Ацамаз угрюмо молчит. По его неприступному взгляду прочитать что-либо невозможно. Только кажется, он как будто не здесь. То ли в прошлом, которого им не узнать, то ли в будущем, от которого им не укрыться. Впрочем, никто на него и не смотрит. Приближается вечер…
XI
В августе начали таять слезой ледники, и река взбеленилась. Напоенная недельным дождем в три ручья и достигшей вершины жарою, она почернела водой и вскинулась в русле на добрых двенадцать локтей. Аул спасла дамба, а вот склепам на острове пришлось нелегко. Подмывая его берега, река насылала бессчетные волны на камни, давно позабывшие время и поток его пенистой брани, от которой на долгих пять дней остров сделался мелким болотом, отдававшим безумью реки, словно нищую взятку, последнюю скудость костей. Они плыли, подобно обглоданным веткам, растерявшим свою кожуру, застревали занозой в кустах, выжидали удобную щель и мгновенье для бегства, а потом, юркнув спицей в нее, эту щель, уносились течением прочь, в никуда, в безразличье далекого моря. Смерть, разъятая до основания, до праха, предалась на милость волны и покинула склепы, превратив их тем самым в шесть каменных гнезд ни о чем.
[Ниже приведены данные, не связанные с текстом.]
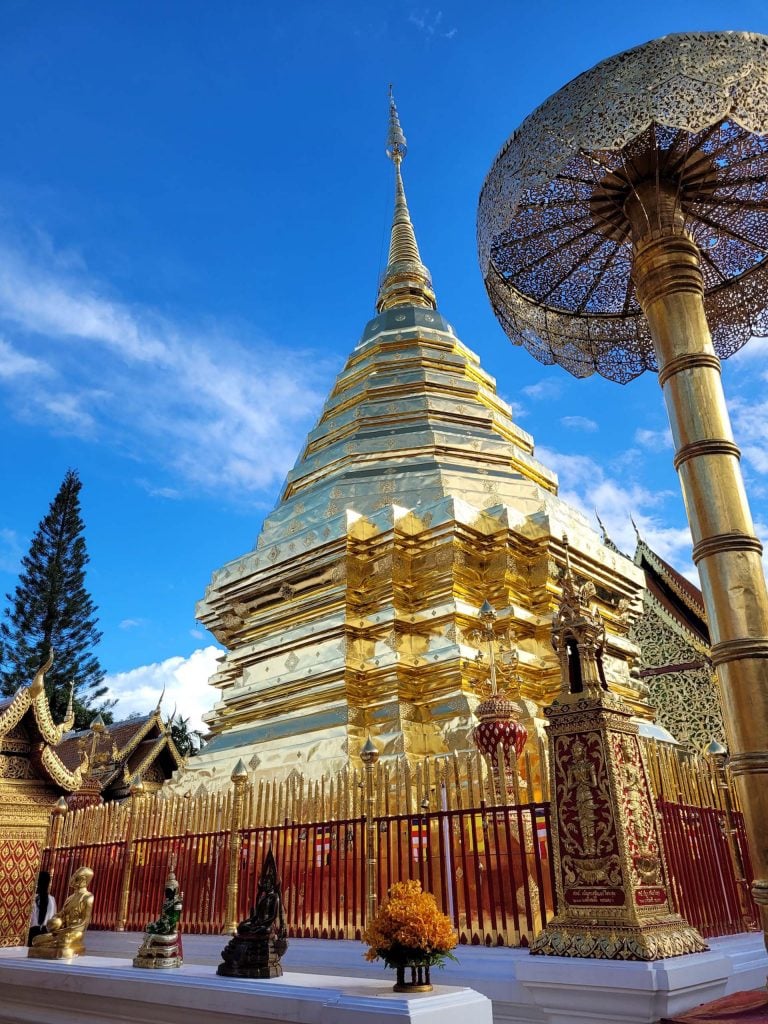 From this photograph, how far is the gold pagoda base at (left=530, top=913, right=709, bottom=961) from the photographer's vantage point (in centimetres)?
328

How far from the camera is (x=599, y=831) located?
3621 millimetres

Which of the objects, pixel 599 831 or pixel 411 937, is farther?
pixel 599 831

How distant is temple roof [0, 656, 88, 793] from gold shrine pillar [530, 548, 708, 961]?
433 cm

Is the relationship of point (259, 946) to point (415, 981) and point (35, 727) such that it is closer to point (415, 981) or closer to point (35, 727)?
point (415, 981)

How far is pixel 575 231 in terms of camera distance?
5.59m

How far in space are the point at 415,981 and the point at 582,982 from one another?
0.69m

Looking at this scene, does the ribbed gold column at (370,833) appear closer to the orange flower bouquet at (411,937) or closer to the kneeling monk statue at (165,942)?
the kneeling monk statue at (165,942)

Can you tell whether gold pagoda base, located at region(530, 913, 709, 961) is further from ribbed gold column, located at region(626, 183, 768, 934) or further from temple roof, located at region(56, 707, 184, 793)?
temple roof, located at region(56, 707, 184, 793)

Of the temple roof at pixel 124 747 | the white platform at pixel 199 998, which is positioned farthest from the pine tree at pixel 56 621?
the white platform at pixel 199 998

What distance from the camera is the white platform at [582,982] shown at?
3.12 metres

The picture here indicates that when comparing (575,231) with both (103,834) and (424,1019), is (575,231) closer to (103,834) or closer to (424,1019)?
(424,1019)

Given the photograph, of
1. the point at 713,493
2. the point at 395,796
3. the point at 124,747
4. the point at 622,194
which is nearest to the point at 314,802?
the point at 395,796

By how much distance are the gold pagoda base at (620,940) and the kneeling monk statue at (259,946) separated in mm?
1120

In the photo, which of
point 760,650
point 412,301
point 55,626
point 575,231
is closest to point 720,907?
point 760,650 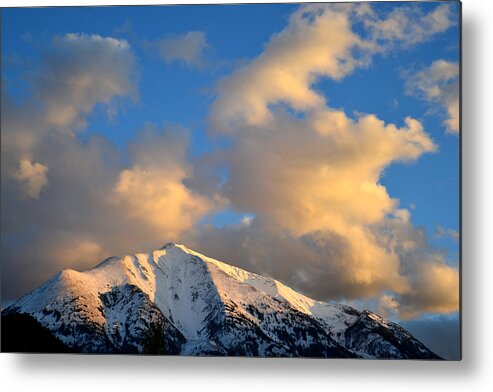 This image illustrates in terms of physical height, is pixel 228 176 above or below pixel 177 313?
above

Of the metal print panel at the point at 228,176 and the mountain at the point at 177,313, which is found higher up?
the metal print panel at the point at 228,176

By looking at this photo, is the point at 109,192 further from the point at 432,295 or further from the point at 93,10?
the point at 432,295

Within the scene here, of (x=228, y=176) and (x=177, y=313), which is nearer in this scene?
(x=177, y=313)

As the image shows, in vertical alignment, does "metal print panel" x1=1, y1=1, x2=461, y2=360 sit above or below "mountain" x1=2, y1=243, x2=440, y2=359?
above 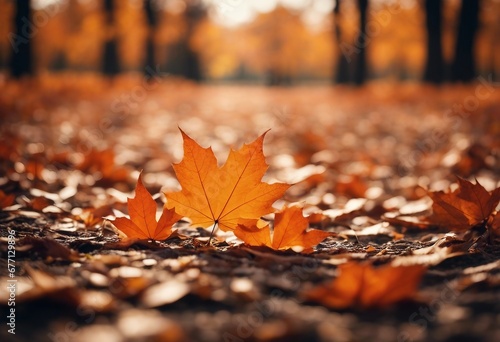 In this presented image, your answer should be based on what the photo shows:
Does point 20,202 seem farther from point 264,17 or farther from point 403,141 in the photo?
point 264,17

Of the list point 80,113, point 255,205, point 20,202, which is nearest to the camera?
point 255,205

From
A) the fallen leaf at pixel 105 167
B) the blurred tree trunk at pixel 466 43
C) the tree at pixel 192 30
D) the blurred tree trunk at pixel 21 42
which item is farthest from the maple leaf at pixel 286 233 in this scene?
the tree at pixel 192 30

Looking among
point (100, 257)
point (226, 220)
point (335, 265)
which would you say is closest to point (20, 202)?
point (100, 257)

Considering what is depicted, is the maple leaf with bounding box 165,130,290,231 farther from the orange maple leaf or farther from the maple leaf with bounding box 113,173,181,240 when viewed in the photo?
the orange maple leaf

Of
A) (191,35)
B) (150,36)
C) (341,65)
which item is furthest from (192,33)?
(341,65)

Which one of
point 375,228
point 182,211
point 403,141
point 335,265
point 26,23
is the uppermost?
point 26,23

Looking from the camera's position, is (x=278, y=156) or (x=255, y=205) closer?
(x=255, y=205)

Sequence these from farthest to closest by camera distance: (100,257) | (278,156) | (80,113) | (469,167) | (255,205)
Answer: (80,113) → (278,156) → (469,167) → (255,205) → (100,257)

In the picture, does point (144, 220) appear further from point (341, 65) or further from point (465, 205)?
point (341, 65) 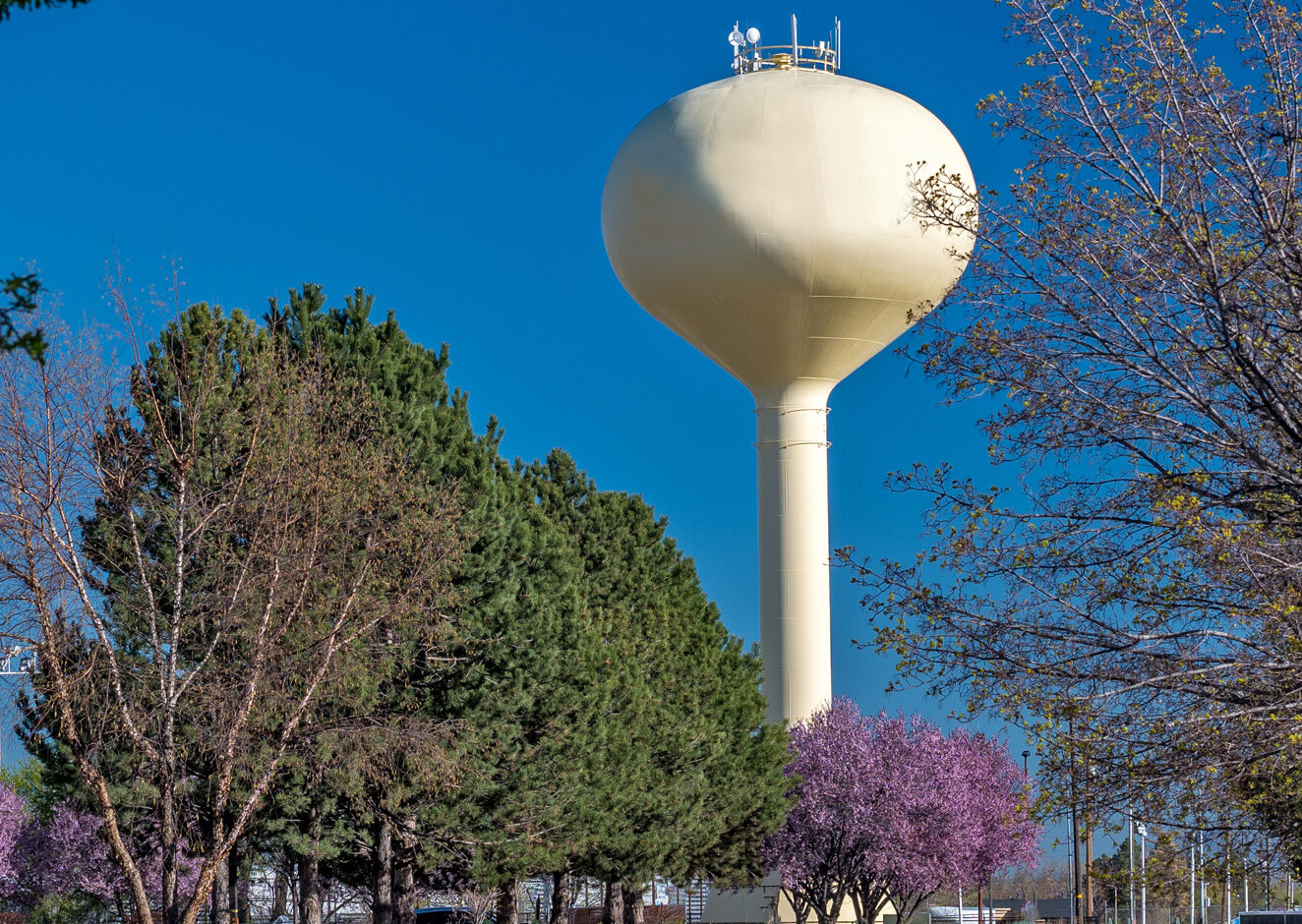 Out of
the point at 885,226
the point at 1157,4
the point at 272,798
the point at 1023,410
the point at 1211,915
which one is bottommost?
the point at 1211,915

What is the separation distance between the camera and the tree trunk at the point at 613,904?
29.8 metres

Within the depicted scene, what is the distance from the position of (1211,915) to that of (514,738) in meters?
57.4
Чуть проделав эту работу, река присмирела, оправилась гладью теченья, отслоила на берег плавник и запрелую дрянь тростника, отказалась от луж и почти стерла заводи. Они подгнивали на солнце на радость воронам, копавшимся в иле совсем не зазря: столько жирных червей и улиток, личинок и мух они не видали даже в самом привольном из глазастых чутьем птичьих снов.
Уцелев в который уж раз, остров сделался грязным пятном, бездомным бродягой, прикорнувшим на теле у времени, которое было рекой, а река становилась судьбой, посылая знамения. Люди слушали их, но никак не могли разобрать содержания. Быть может, просто отвыкли жить повседневной борьбой в пограни-чье меж тем, что питает надежду, и тем, что ее ежедневно стремится убить.
Оно и понятно: земля баловала их вот уже целых пять лет, а возможно, и дольше. Но точно, что пять лет назад подобной удачи никто из них не рискнул себе даже представить: год за годом их нивы исправно всходили колосьями, лес дарил им коренья, плоды диких груш, сладкий мед из дупла, обилие дичи и мяса, а река — та снабжала их рыбой и прозрачной, лучистой водой, отражаясь в которой, небо делалось лавой бескрайнего света, чьи брызги ловила в себя говорливая песнь тишины. Теперь у них была мельница, было пастбище, была насыпь у берега, надежная дамба, был свой длинный, прямой углами забор, ограждавший аул с трех сторон, и был свой посредник — Туган, — превращавший избытки добра в скот, кругляши серебра и покупки. Только не было главного — ощущенья того, что они день за днем беспокойно творят себе счастье, потому что в соседстве от них вызревала тревогой напасть, о которой покуда никто из них даже не думал, но которую чуял душой, как забытый уже, но отчетливый запах страдания, отодвинутого, переложенного из сейчас на потом.